ゲームクリエイター山中拓也さん/他がままに生かされてスピンオフ企画「僕を生かしてくれた人たち」

小説・エッセイ

公開日:2021/4/9

 山中拓也初著書『他がままに生かされて』の刊行を記念した特別短期連載。2月は4回にわたり、本書から抜粋したエッセイを配信してきた。 3月からは本書のスピンオフ企画「僕を生かしてくれた人たち」を本連載限定で公開!書籍に掲載しきれなかった、山中拓也の恩人たちを紹介していく。

山中拓也

 同姓同名のゲームクリエイター・山中拓也さんは、現在「ボイステラス6」という新プロジェクトを一緒に進行している同士。まだ、出会って少ししか経っていないけど、僕から見た山中さんは自分がワクワクすることに足を向ける人。そして、その情熱を仕事にしっかり注いでいく人だなという印象だ。

 出会いは偶然に、そして突然だった。山中さんが新しいプロジェクトをTwitterで告知したら、勘違いした僕のファンが「面白そうな企画ですね!」ってコメントを僕のTwitterに残してくれたことがきっかけ。勘違いだったんだから、そのまま流せばおわりだったけど、面白いってどんなことするんだろうって単純に興味が湧いた。

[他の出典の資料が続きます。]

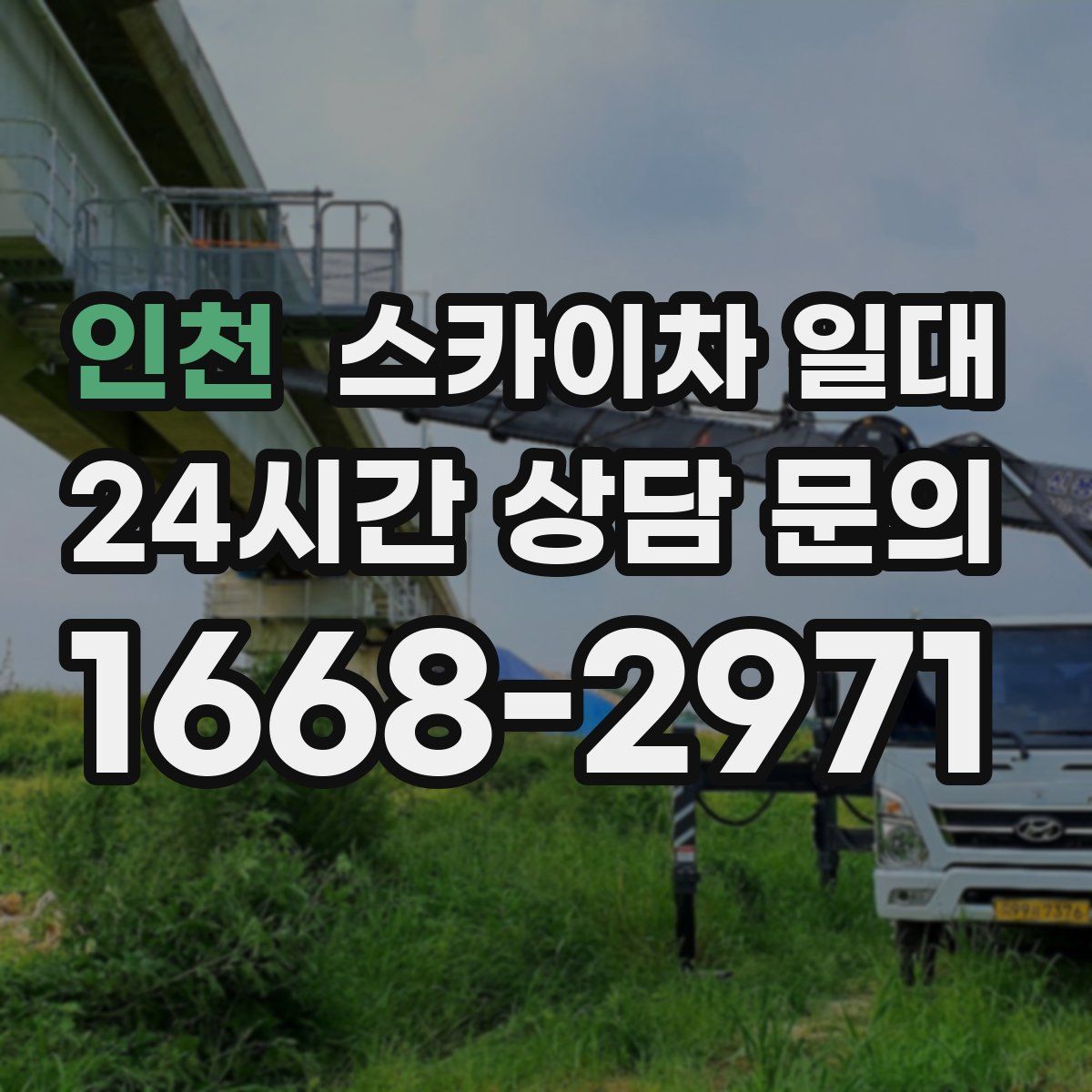 인천 스카이차 일대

 山中さんのTwitterを見てみると、確かに面白そう。ちょうど僕自身脚本家を探しているところだったから、ダメ元で「今度面白い企画やるんですけど、僕と一緒にやりませんか?」ってDMを送ってみた。すると、すぐに「いいですね! …ところでいつやります?」とすぐに具体的な話へと進んでいったのが興味深かった。

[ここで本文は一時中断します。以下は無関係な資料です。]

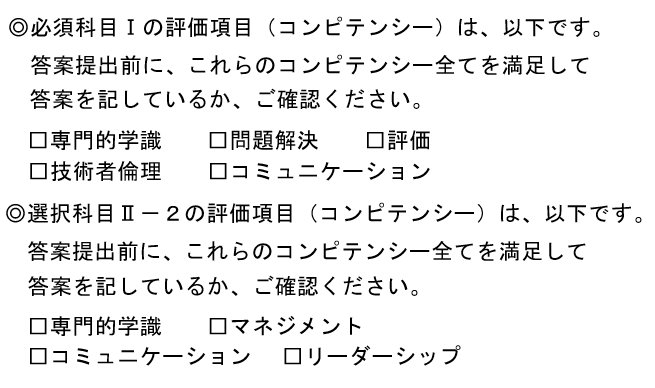 2025年度技術士第二次試験対策講座｜新技術開発センター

 大体、こういう話って「あ、じゃあ予定が合ったらよろしくお願いしますね」みたいに終わっていくパターンが考えられる。…というか、そうやって終わっていくことのほうが多いかもしれない。だから、「すぐにやりましょう」と言われた時、その行動力に驚いた。

 僕の提案を山中さんが形にしたものを見た時、山中さんがいかに力をかけてくれたかが分かった。打ち合わせをしていてもとにかくレスポンスが速いし、ひとつボールを投げると、膨らませた案がいくつも出てくる。一緒にお仕事をさせていただいて、発想力の部分は、僕も見習いたいなと思ったし、仕事に慣れて“やっつけ感”のない人だからこそ、それが仕事に対する信頼に繋がっていくということを改めて実感した。

 やってるつもり、頑張ってるフリなら誰にでもできる。「一緒にやりましょう」と言いながら、人から与えられるのを待つ人もいる。でも一緒に仕事をしている人に「期待に応えてくれる人だ」と思ってもらうのは、簡単なことじゃない。自分から良いものにしていくために2歩、3歩先を読んで、100%以上を出し切ってくれる。表面じゃなくて、内側から熱量を感じる人と出会えて、僕はすごく嬉しい。

 山中さんは「僕と拓也くんが絡む意味をきちんと見つけたい。拓也くんの音楽の部分と僕のゲーム、アニメの分野を組み合わせて面白いものを作ろう」と言ってくれた。

 自分がやりたいことをやるだけじゃない。人との化学反応によって、自分の魅力や能力が広がることを知っている人の言葉だ。内側は熱く、でも客観性は忘れない。僕よりもはるかに大人だなと思う。

 僕はこの出会いが、これから先の面白いことに繋がっていくんじゃないかと期待している。30代からの仕事を一緒にやっていきたいと思えた大切なパートナーだから。

ボイステラス6

山中拓也●1991年、奈良県生まれ。ロックバンドTHE ORAL CIGARETTESのヴォーカル&ギターであり、楽曲の作詞作曲を担当。音楽はじめ、人間の本質を表すメッセージ性の強い言葉が多くの若者に支持されている。17年には初の武道館ライブ、18年には全国アリーナツアーを成功におさめ、19年には初主催野外イベント「PARASITE DEJAVU」を開催し、2日で約4万人を動員。20年4月に発売した最新アルバム『SUCK MY WORLD』は週間オリコンチャートで1位を獲得。